Task requirements » Set down, word for word, the line with "Realizarán el Conteo" and the lines after it through the final line of the data below, without pictures.

= Beginning of Section =

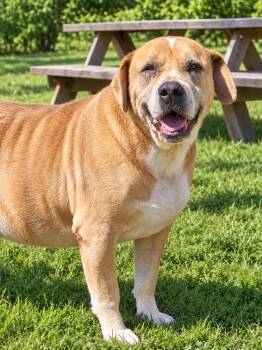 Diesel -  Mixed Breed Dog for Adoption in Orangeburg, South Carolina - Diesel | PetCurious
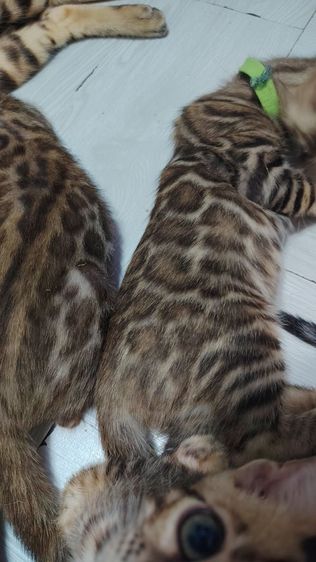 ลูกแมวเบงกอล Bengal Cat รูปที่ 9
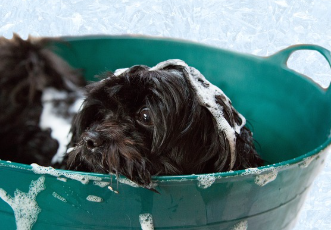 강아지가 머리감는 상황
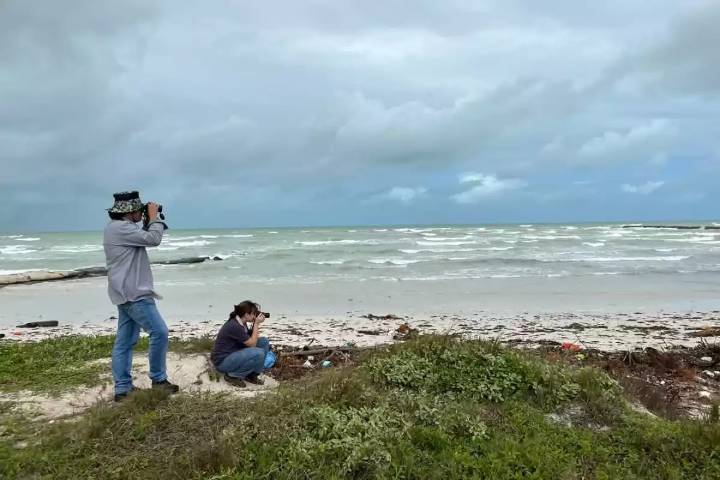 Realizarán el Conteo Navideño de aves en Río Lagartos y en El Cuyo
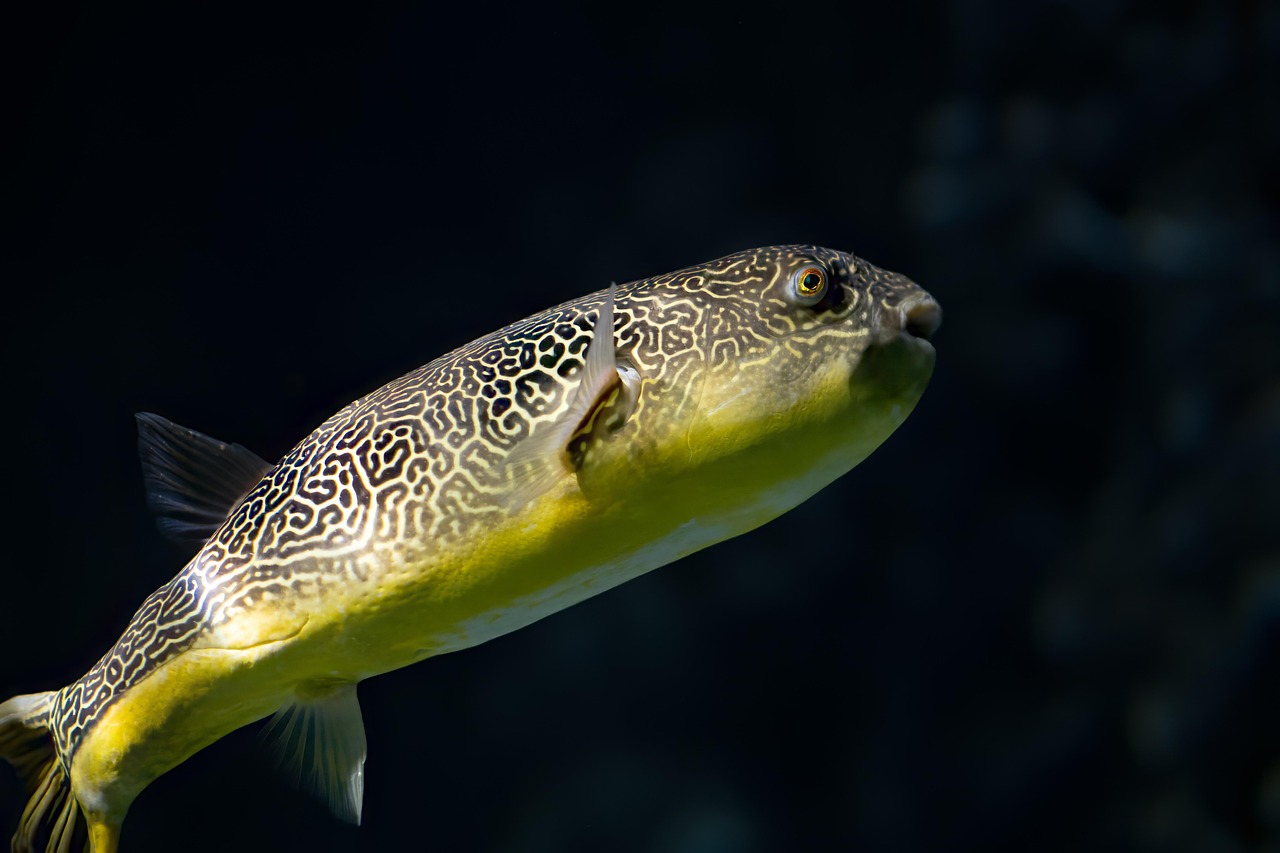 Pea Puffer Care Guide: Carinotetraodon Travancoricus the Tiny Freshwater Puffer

= End of Section =

Finished exercise »
 Realizarán el Conteo Navideño de aves en Río Lagartos y en El Cuyo
 Pea Puffer Care Guide: Carinotetraodon Travancoricus the Tiny Freshwater Puffer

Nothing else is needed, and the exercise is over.